Ia tahu betul, seberapa besar adik iparnya itu mencintai Riana, meski rasa cinta itu kini tertutup oleh ego dan kemarahan. Jika Riana menyerahkan dokumen itu sekarang juga, ia yakin Septian tidak akan pernah menyetujuinya dalam keadaan waras.
Liliana buru-buru mendorong kursinya ke belakang dan berdiri, mencoba menengahi.
“Tian, kamu lagi marah. Biar aku yang bicara sama Riana, ya?” ucapnya lembut, mencoba menenangkan suasana yang sudah hampir meledak.
Namun Riana sudah di ambang batas. Suaranya bergetar, tapi ia berbicara dengan nadanya tegas. “Apa yang mau Kakak bicarakan? Semua sudah jelas.
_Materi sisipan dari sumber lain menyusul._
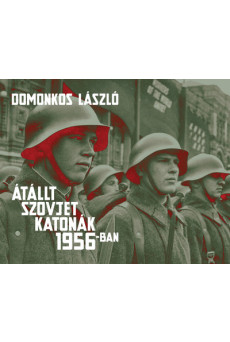 Átállt szovjet katonák 1956-ban - Tények és legendák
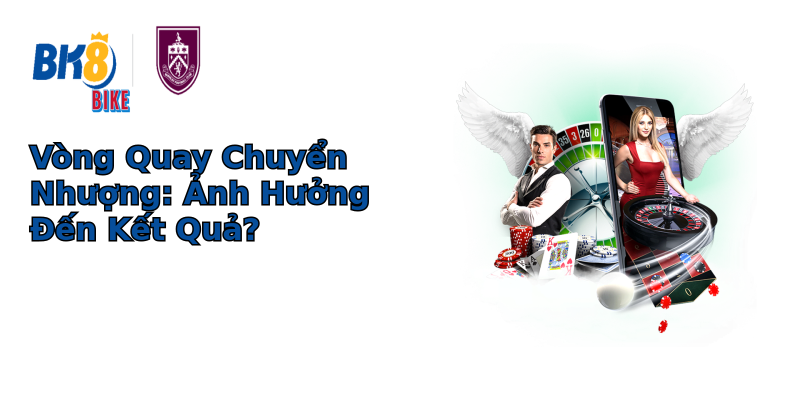 Vòng Quay Chuyển Nhượng: Ảnh Hưởng Đến Kết Quả? Vòng Quay Chuyển Nhượng: Ảnh Hưởng Đến Kết Quả?
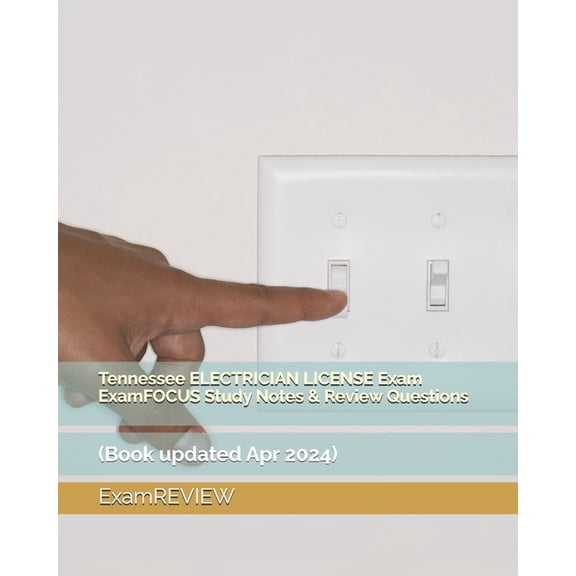 Tennessee ELECTRICIAN LICENSE Exam ExamFOCUS Study Notes & Review Questions, (Paperback)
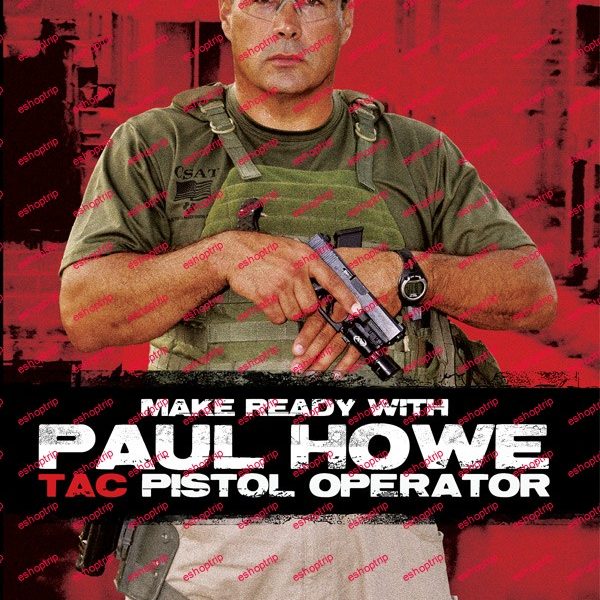 Paul Howe Tac Pistol Operator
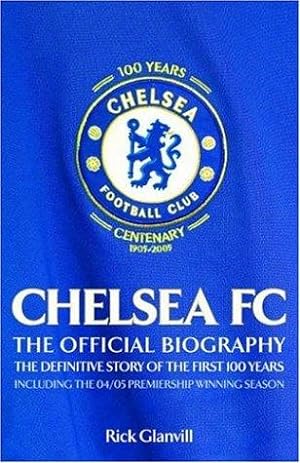 Image du vendeur pour Chelsea FC: The Official Biography - The Definitive Story of the First 100 Years mis en vente par WeBuyBooks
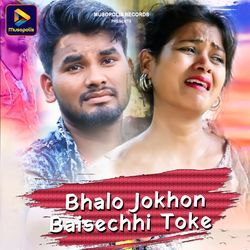 Bhalo Jokhon Baisechhi Toke-GS0IQS5JWAM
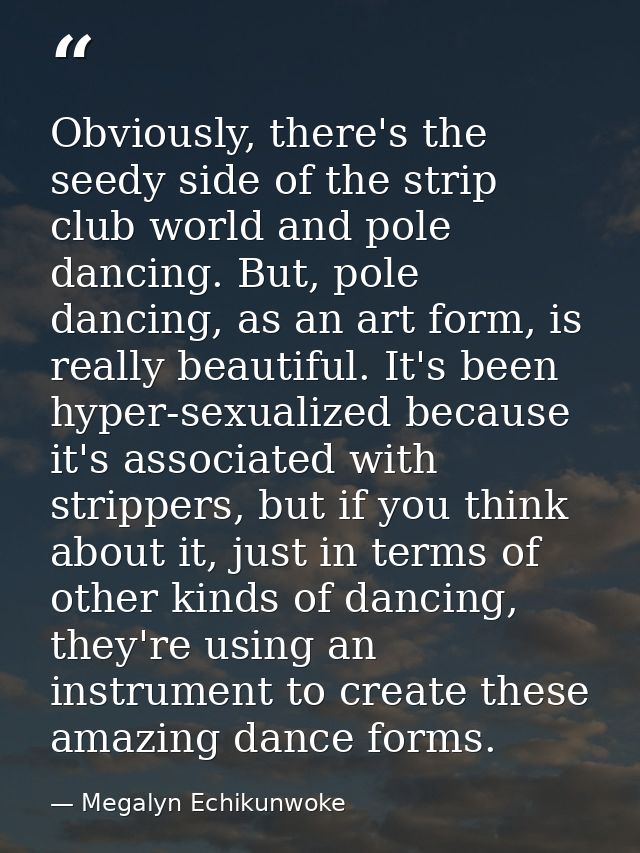 Obviously, there's the seedy side of the strip club world and pole dancing. But, pole dancing, as an art form, is really — Megalyn Echikunwoke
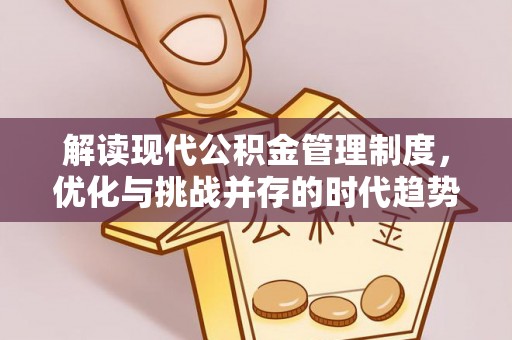 湘西解读现代公积金管理制度，优化与挑战并存的时代趋势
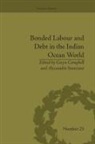 Gwyn Campbell, Gwyn Stanziani Campbell, Gwyn Campbell, Campbell Gwyn, Alessandro Stanziani, Stanziani Alessandro - Bonded Labour and Debt in the Indian Ocean World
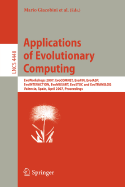 Applications of Evolutionary Computing: EvoWorkshops 2007: EvoCOMNET, EvoFIN, EvoIASP, EvoINTERACTION, EvoMUSART, EvoSTOC, and EvoTRANSLOG, Valencia, Spain, April 11-13, 2007, Proceedings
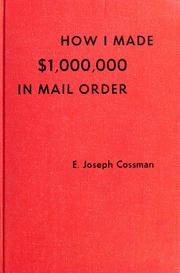 Cover of: How I made $1,000,000 in mail order by E. Joseph Cossman, E. Joseph Cossman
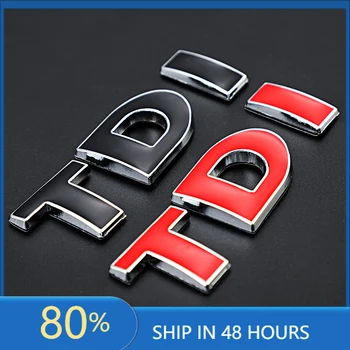 Emblems 1Pcs 3D Metal Sticker TDI Logos Badge Car Body Trunk Decal For VW Polo T5 Golf Passat GTD GTI CC Magotan Arteon Scirocco 1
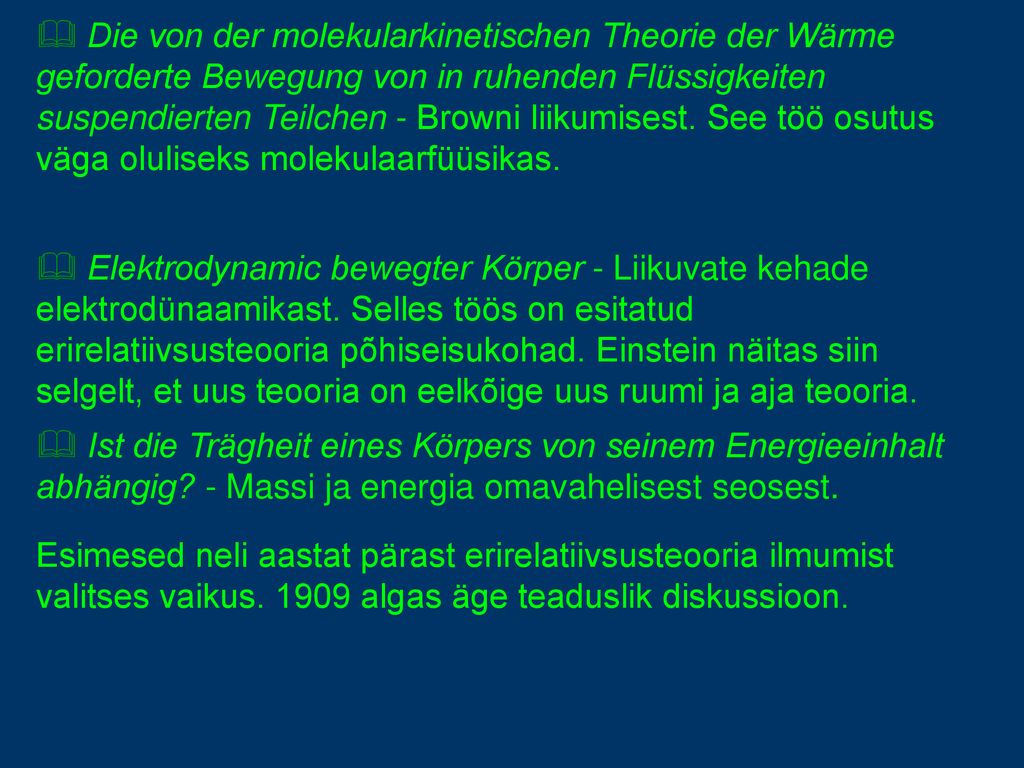 Die von der molekularkinetischen Theorie der Wärme geforderte Bewegung von in ruhenden Flüssigkeiten suspendierten Teilchen - Browni liikumisest. See töö osutus väga oluliseks molekulaarfüüsikas.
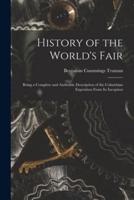 History of the World's Fair : Being a Complete and Authentic Description of the Columbian Exposition From Its Inception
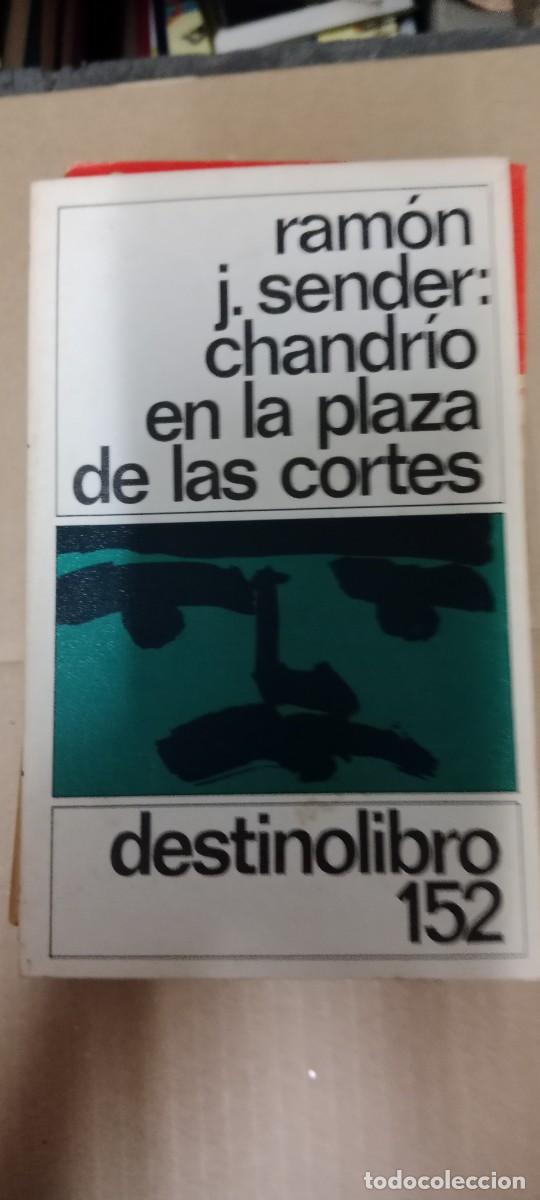 Libros de segunda mano: CHANDRIO EN LA PLAZA DE LAS CORTES RAMON J SENDER LIBRO GG-BGA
Lebih baik kita selesaikan sekarang juga.”
Liliana menghela napas, memilih tidak menanggapi ucapan itu. Ia segera menghampiri Riana dan menggenggam tangannya, lalu menariknya masuk ke dalam kamar.
Begitu pintu tertutup, suasana mendadak senyap. Hanya terdengar detak jam di dinding dan napas Riana yang berat menahan emosi.
“Riana, kamu yakin dengan keputusanmu ini?” tanya Liliana pelan, suaranya nyaris seperti bisikan.
Riana tidak langsung menjawab. Ia melangkah pelan mendekati ranjang kecil di sudut kamar, tempat putri kecil kakaknya sedang terlelap dengan damai. Pandangannya melembut, lalu ia berlutut di tepi ranjang itu dan membelai rambut keponakannya dengan penuh kasih.
“Dulu… saat aku masih kecil, Kakak adalah pelindung terbaikku,” ucapnya lirih. “Aku tahu Kakak juga menderita setelah Ayah dan Bunda pergi. Kita cuma punya satu sama lain. Aku percaya, waktu itu, kita akan saling menjaga sampai kapan pun.”
Liliana menunduk, ada sesuatu yang menekan dadanya saat mendengar penuturan adiknya yang tiba-tiba seperti ini, ada perasaan yang entah kenapa menjadi rasa bersalah dan penuh tanya, apa adiknya sudah menyadari semua perilakunya?
Namun sebelum Liliana sempat bicara, Riana melanjutkan, suaranya bergetar menahan tangis.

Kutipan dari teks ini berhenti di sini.